Concerning the results obtained from the measurements of the stained areas, we highlighted that in group D, the caudo-cranial diffusion is greater than in group S, while the dorsal–ventral diffusion is greater in the latter. The authors’ opinion is that the division of the same volume into two different inoculations allowed a greater cranial distribution of methylene blue. On the contrary, by placing a large volume in a single point, it is distributed uniformly in the caudocranial and ventral–dorsal direction, accumulating in situ. Our study agrees with what was described by Freitag et al., who demonstrated that high volumes of local anesthetic are not necessary to achieve greater caudo-cranial diffusion and that the analgesic efficacy of a single high-volume block is not better than that of a two-point block at lower volumes [11]. To further confirm this, the stained area in group S is not significantly different compared to the summation of the areas of the two-point block. This is probably due to the prevailing distribution of the dye in the caudocranial direction in D group, and, on the contrary, the equal cranio-caudal and dorso-ventral distribution of fluid in S group. According to our work, previous studies performed in dog cadavers showed that the inoculation of a large volume of dye (i.e., 1 mL/kg) into the TAP plane tended to accumulate at the injection site, while inoculation of a smaller volume at different points resulted in reliable staining of the most cranial nerves [25,26]. Furthermore, the analysis of nerve eminences involved showed that, in rabbits, the single-point TAP block is not able to guarantee complete desensitization of the cranial abdomen. On the contrary, according to what was demonstrated in dogs and cats, the association of a second cranial (retrocostal) TAP block would guarantee complete analgesia of the entire abdomen. Specifically, in D group, the results showed the involvement of the nerve eminences up to T10 (cranially) and up to L3–L4 (caudally) [6,14,27]. The spread of the injected volume and the characteristics of these two different approaches were evaluated in dogs, cats, ponies, calves, and in a Canada lynx, in vivo and in cadaveric studies and, currently, the available literature supports the data obtained in our study [8,14,15,28,29,30].

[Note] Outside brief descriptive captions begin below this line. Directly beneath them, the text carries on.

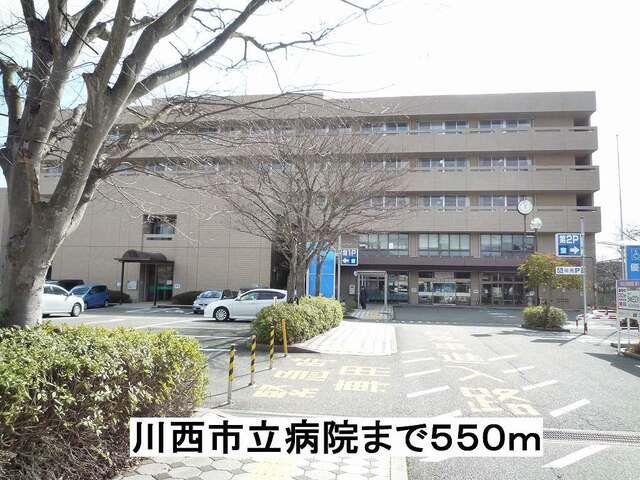 近くの川西市立病院まで550m(徒歩7分)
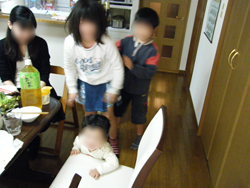 妹夫婦の家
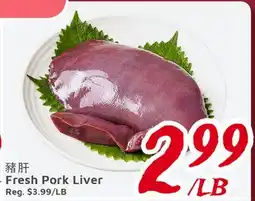 United Supermarket Fresh Pork Liver offer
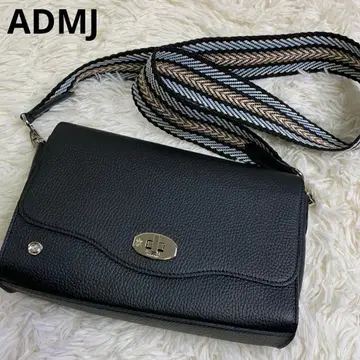 컨디션 최상 ADMJ 슈링크 엠보 턴락 크로스바디백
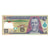Banconote, Guatemala, 5 Quetzales, 2010, 2010-05-19, KM:122, FDS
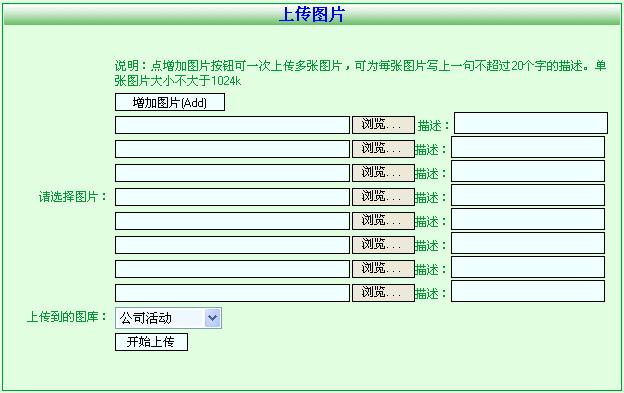 ASP.NET(C#)實現(xiàn)一次性上傳多張圖片(多個文件)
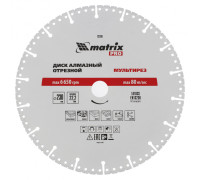 Диск алмазный отрезной "Мультирез" D 230 х 22.2 мм, сухой/мокрый рез, PRO Matrix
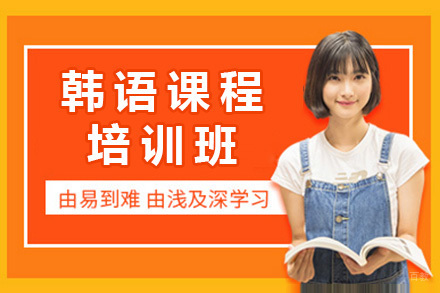 上海韩语培训课程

A limitation to consider in this study is that the diffusion of the local anesthetic solution in the cadaveric model is different compared to that observed in live subjects. The fascial planes in living animals exhibit contractile capabilities that result in active transport of anesthetic fluid [30] We therefore hypothesize that the local anesthetic solution would spread more in these. Therefore, it is necessary to perform in vivo clinical studies comparing the two-point and single-point approaches, in order to evaluate the real clinical application of the two loco-regional techniques in rabbits. Furthermore, in this study, we chose moderate/high volumes of local anesthetic and did not seek the minimum effective dose in this species. This aspect will certainly need to be considered in future clinical studies, considering the toxic dose of lidocaine in rabbits. Another aspect that the authors want to underline is that, as previously demonstrated in human medicine, the TAP block does not guarantee visceral analgesia [31]. For this reason, this technique can be an excellent adjuvant in abdominal surgeries (e.g., oophorectomies, hepatic lobectomies, laparoscopies), where it can be associated with other loco-regional procedures or drugs administered systemically [32]. On the other hand, its analgesic action is successfully carried out in surgeries such as mastectomies, abdominal hernias and exeresis of superficial masses [6,33].

5. Conclusions

In conclusion, the results obtained in our study could be very useful for choosing the correct loco-regional technique to apply in rabbits undergoing surgery involving both the cranial and caudal abdomen. Specifically, the two-point TAP block could ensure greater cranial spread of the local anesthetic, thus obtaining better analgesia. If our results are confirmed by in vivo clinical studies, it could allow us to reduce the use of systemically administered opioids, thus limiting side effects (e.g., slowing of peristalsis, loss of appetite, sensory depression), which are particularly relevant in rabbits and rodents.